## [PROBLEM DESCRIPTION]
Below are entries; output exactly the lines from the one with "باب الغیبة در" to the one with "Đảng ủy Công", both included, and nothing else.

## [DATA TO EXAMINE]
-.-.-

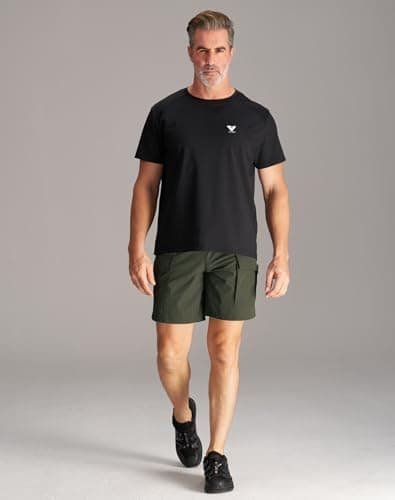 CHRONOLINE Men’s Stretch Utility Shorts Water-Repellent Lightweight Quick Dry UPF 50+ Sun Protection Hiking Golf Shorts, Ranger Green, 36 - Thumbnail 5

-.-.-

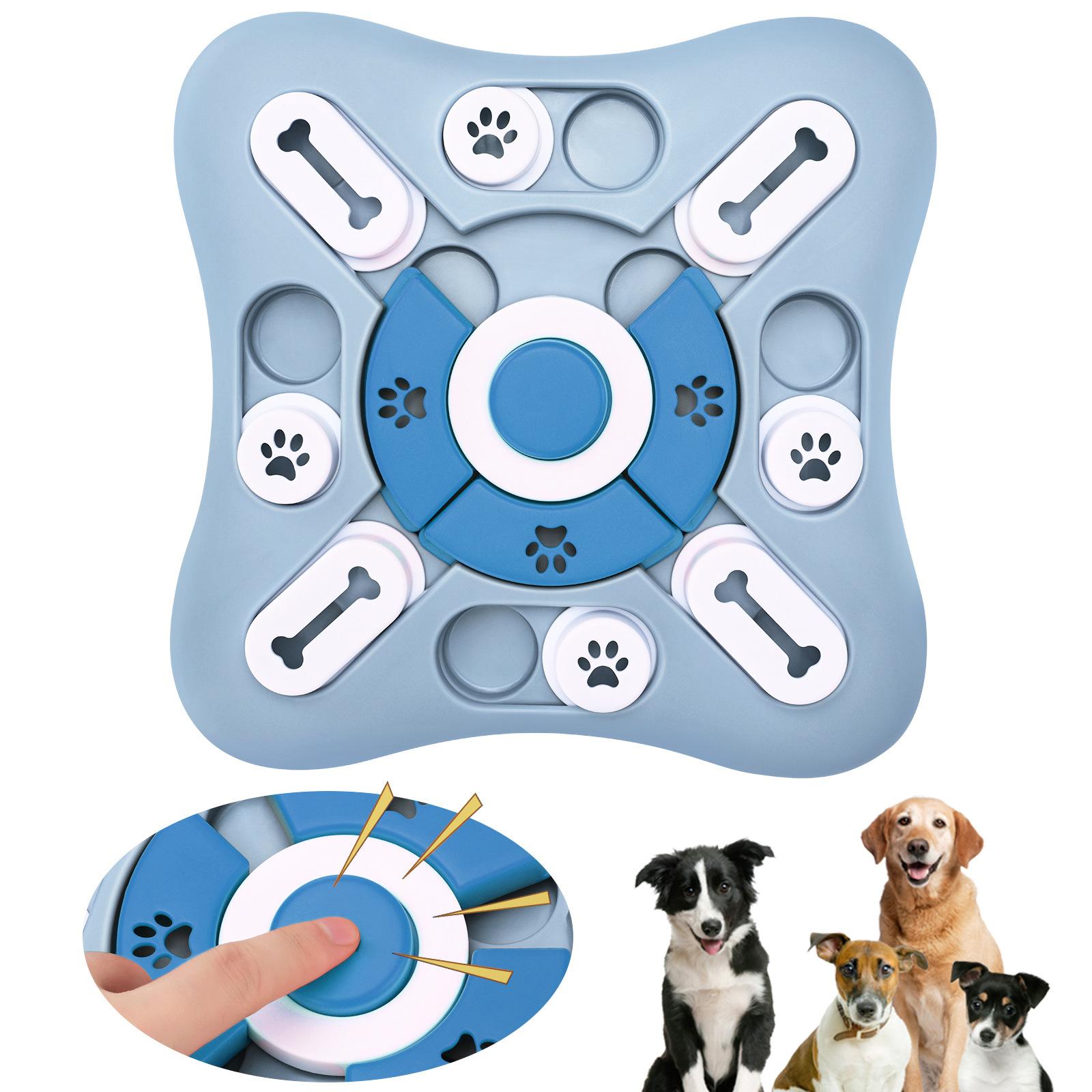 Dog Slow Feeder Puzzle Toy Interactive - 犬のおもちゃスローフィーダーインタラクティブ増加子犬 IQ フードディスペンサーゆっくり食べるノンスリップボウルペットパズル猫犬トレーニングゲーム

-.-.-

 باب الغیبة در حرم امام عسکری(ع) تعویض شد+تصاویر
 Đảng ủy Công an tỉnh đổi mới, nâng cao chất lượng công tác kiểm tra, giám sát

-.-.-

## [WRITTEN SOLUTION]
 باب الغیبة در حرم امام عسکری(ع) تعویض شد+تصاویر
 Đảng ủy Công an tỉnh đổi mới, nâng cao chất lượng công tác kiểm tra, giám sát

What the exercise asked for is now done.